The Bureau of Labor Statistics reported that in June alone, there were 1,643 mass layoff actions, resulting in 165,697 unemployment-insurance filings. Citigroup recently announced that layoffs could reach as many as 24,000. General Motors has announced that it will cut 30,000 jobs. Earlier this year, Yahoo announced it would lay off 1,000 employees. As if that weren't bad enough, the work force is coping with extraordinary price increases for oil, gas and food -- not exactly items that fall into the discretionary-funds category.
In the midst of this, companies face the dual challenge of executing fiscal responsibility in a down economy while still maximizing revenue and increasing market share. Both of those efforts have the employee as the central focus, either as an expense item or as a revenue generator.
It doesn't take a Ph.D. in organizational development to realize that companies face a significant challenge. It does, however, require that employers recognize that challenges in a downturn can be mitigated if they view employees with the same critical eye as they view customers. Seek to understand what drives them (yes, something beyond compensation). Develop an employment marketing strategy that aligns employee drivers with business objectives. Then use that strategy to deliver the tenets of your employer brand.
|ABOUT THE AUTHOR|
Rob O'Keefe is VP-brand strategy at TMP Worldwide Advertising and Communications.

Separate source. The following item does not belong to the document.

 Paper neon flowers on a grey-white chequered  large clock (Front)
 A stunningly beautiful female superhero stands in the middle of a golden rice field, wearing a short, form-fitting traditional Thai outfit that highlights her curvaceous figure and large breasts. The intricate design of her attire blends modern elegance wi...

In the same way you enhance customer loyalty through a rational and emotional connection to your brand you can create connections with employees. Of course, that requires a commitment to employer brand management -- the same commitment you would make to your product or service brand.
If there is bad news (for example, company performance), communicate it with transparency. If there is really bad news (layoffs would qualify here), don't drag it out. Act quickly and communicate with clarity. You still have a group of employees that need to be engaged.
As for those -- and future -- employees, development and active promotion of an employer brand tends to have three primary benefits. The first is broader and deeper engagement in fulfilling the company mission and achieving the corresponding objectives. The second is in mitigating pricing pressures. In the same way that a product brand tends to support pricing, an employer brand provides the employee with other reasons to remain with an organization that reduce reliance on compensation as a primary driver for job satisfaction. The third benefit has to do with attraction and retention efforts, specifically broadening access to a more desirable segment of the employment market -- the segment that tends to be the most engaged in achieving company objectives.
Any one of these should provide sufficient reason for marketing to your own employees. Remember, once the economy picks up, disengaged employees find it very easy to pack up.